Linux 3.14 To Have PRIME Support For NVIDIA Tegra

Written by Michael Larabel in NVIDIA on 8 January 2014 at 10:58 AM EST. 6 Comments
NVIDIA
PRIME rendering support is coming to the open-source NVIDIA Tegra graphics driver with the Linux 3.14 kernel.

Besides the Intel DRM driver update that was merged this morning into drm-next, the open-source NVIDIA Tegra driver was also updated. This Tegra DRM driver update doesn't yet bring support for NVIDIA's new fast and amazing Tegra K1 SoC, but it does have other interesting changes abound for the mainline Linux kernel.

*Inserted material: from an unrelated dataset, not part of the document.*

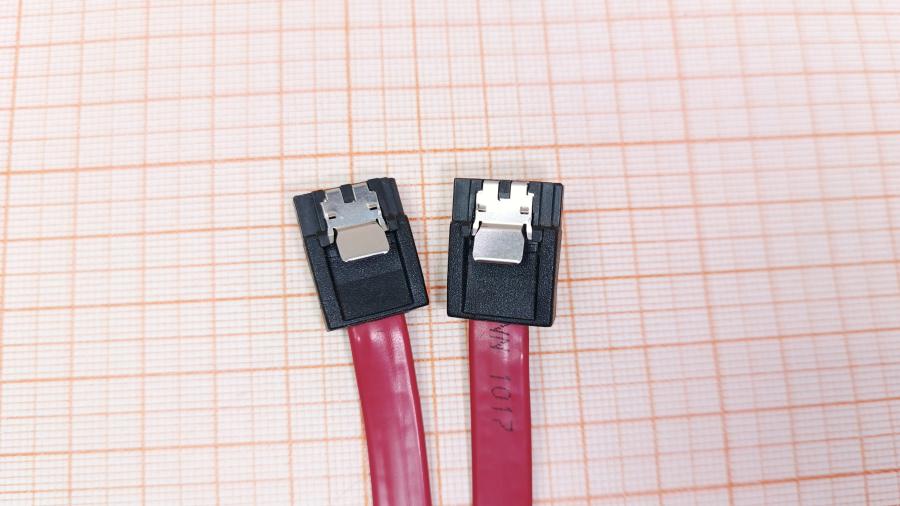 226-231-001 Кабель SATA  SATA 0.5M (metal clip) #2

The Tegra changes for the Linux 3.14 kernel are rather large with 121 commits in this latest pull just for the open-source graphics driver. There's initial DRM panel support, initial support for registering DSI hosts and peripherals, Tegra114 DSI host support, host1x/display support for the Tegra124 (Tegra 4), and there's a very simple PRIME implementation.

With the basic PRIME implementation, Thierry Reding now working at NVIDIA noted, "Implement very basic PRIME support. This currently only works with buffers that are contiguous in memory and will refuse to import any physically non-contiguous buffers."

Other changes include better HDMI power management, support for disabling legacy fame-buffer device (fbdev) support, and other bug-fixes. More details on this latest work can be found via the drm-next merge.